Phrasal verbs are an important feature of the English language. The meaning of a phrasal verb often bears no relation to the meaning of either the verb or the particle which is used with it. Many phrasal verbs have several different meanings.
Give back (to return something to the person who gave it to you)
I must give back the money you have lent me.
Give in (to finally agree to what someone wants after a period when you refuse to agree)
The government will not give in to strikers’ demands.
Give of (If you give of your time or money, you do things for other people without expecting them to do anything for you)
Volunteers will give of their time and labour to build a road during the holidays.
Give off (to produce heat, light, a smell or a gas)
The burning vehicle gave off clouds of thick black smoke.
Give out (to give something to a large number of people)
I agreed to give out leaflets in the town.
Give over to (to be used only for a particular purpose or activity)
A part of his house has been given over to a free medical clinic.
Give up (when you give up a habit, you stop doing it)
Geoff gave up smoking a few years before his death.
Give up to (to spend all your time and energy to do something)
After his father’s death, Rex gave himself up entirely to do his studies.
Glance over (to look at something, especially something written, very quickly)
Could you just glance over my essay and tell me whether it is good or bad.
Glory in (to enjoy something and be very proud of it)

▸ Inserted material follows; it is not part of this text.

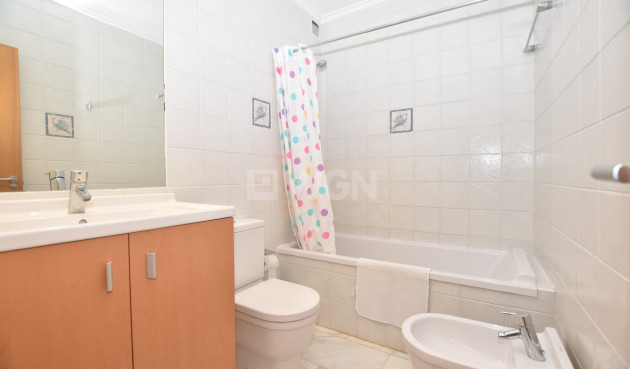 Odsprzedaż - Kamienica - Algorfa - Inland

David seems to glory in his success as a practising lawyer.
Gloss over (to avoid discussing something in order to make it seem unimportant)
The Chairman tried to gloss over the company’s losses.
Be glued to (to be watching something, especially television, with all your attention)
The children were glued to the television set as their favourite teledrama started.
Gnaw at (to gradually have a harmful effect on something)
Drug menace continues to gnaw at the fabric of society.
Go about (to start doing something or dealing with something)
What is the best way to go about it?
Go after (to follow or chase someone in order to catch them)
I got on my motorcycle and went after the robber.
Go against (if something goes against a rule, it does not obey it)
The Government says the strike goes against the collective agreement.
Go ahead (to start doing something) We have the money to put up a building for the school, but we cannot go ahead without the local Government’s approval.